Are Drivers For Amazon, Lyft Or Uber Today’s Version Of Factory Workers?

By Gordon Dickson
Fort Worth Star-Telegram

WWR Article Summary (tl;dr) Freelancing, as opposed to working full-time for a single employer, has become increasingly common in the United States job market, and if current trends continue, soon might become more of a norm than an exception.

FORT WORTH

About a year ago, 60-year-old Johnny Pollard found himself in need of a job, fast.

His longtime employer, a Grapevine freight trucking company, had gone out of business.

Pollard worried about interviewing for jobs because of his age, so instead he decided to try freelancing as a driver for Uber.

And now, he is one of the shining stars at the ride-hailing company, grossing $1,200 to $1,800 per week giving customers rides all over the Dallas-Fort Worth region.

“Uber saved me from unemployment,” the Haltom City resident said on a recent morning after picking up passengers in downtown Fort Worth. “It has given me an opportunity to keep making a little money, and continue contributing to the community.”

Freelancing, as opposed to working full-time for a single employer, has become increasingly common in the United States job market, and if current trends continue, soon might become more of a norm than an exception.
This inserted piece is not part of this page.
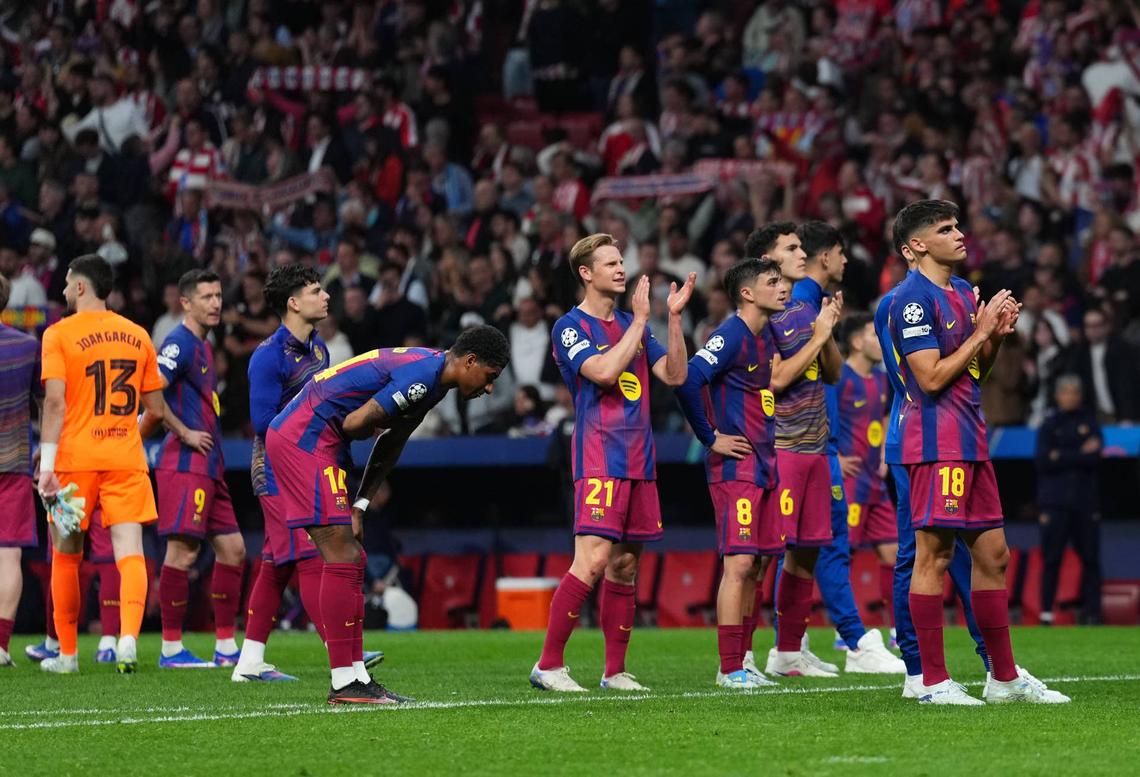  Marcus Rashford of FC Barcelona reacts as team mates Frenkie de Jong, Pedri and Gerard Martin acknowledge the fans following the UEFA Champions League 2025/26 Quarter-Final Second Leg match between Club Atlético de Madrid and FC Barcelona at Riyadh Air Metropolitano on April 14, 2026 in Madrid, Spain. (Photo by Angel Martinez/Getty Images) Photo by Angel Martinez/Getty Images
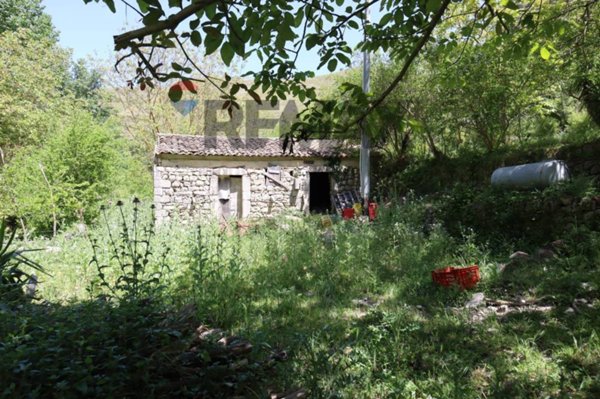 casa indipendente in vendita a Giarratana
Already, more than a third of the United States’ workforce (57.3 million people) is working for employers on a freelance basis, an increase of nearly 30 percent from a year earlier, according to a report titled “Freelancing in America: 2017.” The fourth annual report by Upwork and Freelancers Union predicts that by 2027 a majority of the U.S. workforce will be engaged in contractual work of some kind.

Companies such as Uber, its growing competitor Lyft, and Amazon are among the industry leaders in hiring freelance workers in the “on-demand economy,” sometimes referred to as the “gig economy,” or “sharing economy.”